Le jugement sera ainsi confirmé en ce qu'il a condamné la société Experconnect à payer à la société BLH la somme de 14.400 €, avec intérêts au taux égal à trois fois le taux d'intérêt légal à compter du 19 février 2019, outre la somme de 40 € au titre de l'indemnité forfaitaire de recouvrement.
Par suite des explications qui précèdent, la société BLH ne pourra être que déboutée de sa demande de dommages et intérêts à raison de prétendus actes de dénigrement commis par la société Experconnect. Le jugement sera ainsi également confirmé de ce chef de rejet.
Sur la demande de revendication du document adressé le 8 novembre 2018 par la société BLH
Enoncé des moyens
La société BLH revendique la propriété du document Word transmis au mois de novembre 2018. Elle réplique que sa demande, qui n'est que la conséquence du rejet de ses prétentions visant à obtenir le paiement du travail qu'elle a accompli, est recevable.

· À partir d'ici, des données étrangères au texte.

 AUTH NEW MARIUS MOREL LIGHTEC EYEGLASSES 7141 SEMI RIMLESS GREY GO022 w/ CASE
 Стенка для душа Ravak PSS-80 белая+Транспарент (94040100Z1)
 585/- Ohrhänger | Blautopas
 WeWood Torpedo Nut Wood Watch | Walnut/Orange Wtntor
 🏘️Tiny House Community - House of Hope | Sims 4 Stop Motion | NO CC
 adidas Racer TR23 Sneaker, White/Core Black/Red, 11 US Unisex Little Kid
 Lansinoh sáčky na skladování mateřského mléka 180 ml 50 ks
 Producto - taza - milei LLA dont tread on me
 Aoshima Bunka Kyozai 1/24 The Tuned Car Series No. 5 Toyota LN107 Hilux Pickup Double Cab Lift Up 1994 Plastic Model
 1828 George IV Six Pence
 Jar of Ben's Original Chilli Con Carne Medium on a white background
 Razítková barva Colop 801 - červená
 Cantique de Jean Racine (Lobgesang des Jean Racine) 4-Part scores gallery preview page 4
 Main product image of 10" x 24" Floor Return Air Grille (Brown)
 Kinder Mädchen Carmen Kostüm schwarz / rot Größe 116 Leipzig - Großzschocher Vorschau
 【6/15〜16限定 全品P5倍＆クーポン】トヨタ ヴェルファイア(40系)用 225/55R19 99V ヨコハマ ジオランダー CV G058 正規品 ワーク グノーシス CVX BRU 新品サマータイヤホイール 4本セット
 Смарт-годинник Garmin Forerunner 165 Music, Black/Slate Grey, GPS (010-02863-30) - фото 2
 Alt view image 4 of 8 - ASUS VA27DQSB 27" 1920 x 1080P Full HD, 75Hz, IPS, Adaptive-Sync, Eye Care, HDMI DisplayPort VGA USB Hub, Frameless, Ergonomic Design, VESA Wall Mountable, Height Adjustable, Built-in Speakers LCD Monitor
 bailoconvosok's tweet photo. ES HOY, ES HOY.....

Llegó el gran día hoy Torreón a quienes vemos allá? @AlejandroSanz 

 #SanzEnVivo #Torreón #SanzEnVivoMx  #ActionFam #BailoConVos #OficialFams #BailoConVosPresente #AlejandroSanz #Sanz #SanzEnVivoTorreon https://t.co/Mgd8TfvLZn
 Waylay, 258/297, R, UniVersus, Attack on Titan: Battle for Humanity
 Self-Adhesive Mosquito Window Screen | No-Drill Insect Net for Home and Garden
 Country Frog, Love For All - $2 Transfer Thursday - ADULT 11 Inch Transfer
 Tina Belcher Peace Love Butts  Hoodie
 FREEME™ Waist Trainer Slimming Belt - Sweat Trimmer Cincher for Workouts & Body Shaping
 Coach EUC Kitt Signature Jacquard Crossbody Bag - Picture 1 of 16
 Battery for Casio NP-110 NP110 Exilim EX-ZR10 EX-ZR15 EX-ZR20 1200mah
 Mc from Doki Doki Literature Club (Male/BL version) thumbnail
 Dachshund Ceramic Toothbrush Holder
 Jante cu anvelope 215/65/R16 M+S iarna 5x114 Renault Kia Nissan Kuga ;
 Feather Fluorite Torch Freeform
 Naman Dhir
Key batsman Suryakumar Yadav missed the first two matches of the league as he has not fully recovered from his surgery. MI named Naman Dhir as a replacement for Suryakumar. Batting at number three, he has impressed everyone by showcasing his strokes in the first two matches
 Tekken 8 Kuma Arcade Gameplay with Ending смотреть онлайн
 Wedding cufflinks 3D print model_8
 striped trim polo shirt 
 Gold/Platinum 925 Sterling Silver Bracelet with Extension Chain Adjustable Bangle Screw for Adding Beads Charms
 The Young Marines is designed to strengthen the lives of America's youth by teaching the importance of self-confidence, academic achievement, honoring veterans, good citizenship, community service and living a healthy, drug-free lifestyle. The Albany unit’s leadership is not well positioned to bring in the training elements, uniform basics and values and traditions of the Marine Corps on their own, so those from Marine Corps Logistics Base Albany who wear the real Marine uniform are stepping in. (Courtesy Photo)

La société intimée, invoquant les dispositions de l'article 564 du code de procédure civile, prétend que la demande de revendication de la propriété du document Word, transmis par la société BLH, est irrecevable, pour avoir été formulée la première fois en cause appel. Sur le fond, pour s'opposer à la demande, elle fait valoir que, selon les stipulations du contrat, la propriété du document litigieux appartient au client.
Réponse de la Cour
Selon l'article 564 du code de procédure civile, « A peine d'irrecevabilité relevée d'office, les parties ne peuvent soumettre à la cour de nouvelles prétentions si ce n'est pour opposer compensation, faire écarter les prétentions adverses ou faire juger les questions nées de l'intervention d'un tiers, ou de la survenance ou de la révélation d'un fait. »
La demande subsidiaire en revendication de la propriété du document transmis au mois de novembre 2018, formulée par la société BLH, doit être déclarée recevable dès lors qu'elle est la conséquence de la défense à la demande en réduction du prix de la société Experconnect.
Le prix de la prestation ayant été seulement réduit, les stipulations du contrat qui prévoient que celle-ci demeure la propriété entière et exclusive du client final (article 12) ont vocation à s'appliquer. La société BLH sera donc déboutée de sa demande de revendication de la propriété du document qu'elle a adressé le 8 novembre 2018.
Sur la demande de la société Experconnect en réparation de son préjudice d'image
Enoncé des moyens
La société Experconnect prétend que le comportement de la société BLH à l'égard de la société Naval Group a mis en danger la relation de confiance avec sa cliente.
La société appelante réplique que la société Experconnect ne rapporte pas la preuve de ses allégations.
Réponse de la Cour
En l'occurrence, le tribunal a estimé à raison que la société Experconnect ne produisait aucun élément tendant à établir la preuve d'un préjudice d'image, et l'a déboutée de sa demande à juste titre.
Sur les autres demandes
La société BLH succombant au recours, le jugement sera confirmé en ce qu'il a statué sur les dépens et les frais irrépétibles.
Statuant de ces chefs en cause d'appel, la Cour la condamnera aux dépens, ainsi qu'à payer à la société Experconnect une indemnité de 3.500 € sur le fondement de l'article 700 du code de procédure civile.
PAR CES MOTIFS
CONFIRME le jugement en ses dispositions soumises à la Cour,
Y AJOUTANT,
Déclare recevable la demande de la SARL BLH Conseils en revendication de la propriété du document Word qu'elle a adressé le 8 novembre 2018,
Rejette la demande de la SARL BLH Conseils en revendication de la propriété dudit document,
CONDAMNE la SARL BLH Conseils aux dépens de l'appel,
CONDAMNE la SARL BLH Conseils à payer à la SARL Experconnect la somme de 3.500 € sur le fondement de l'article 700 du code de procédure civile.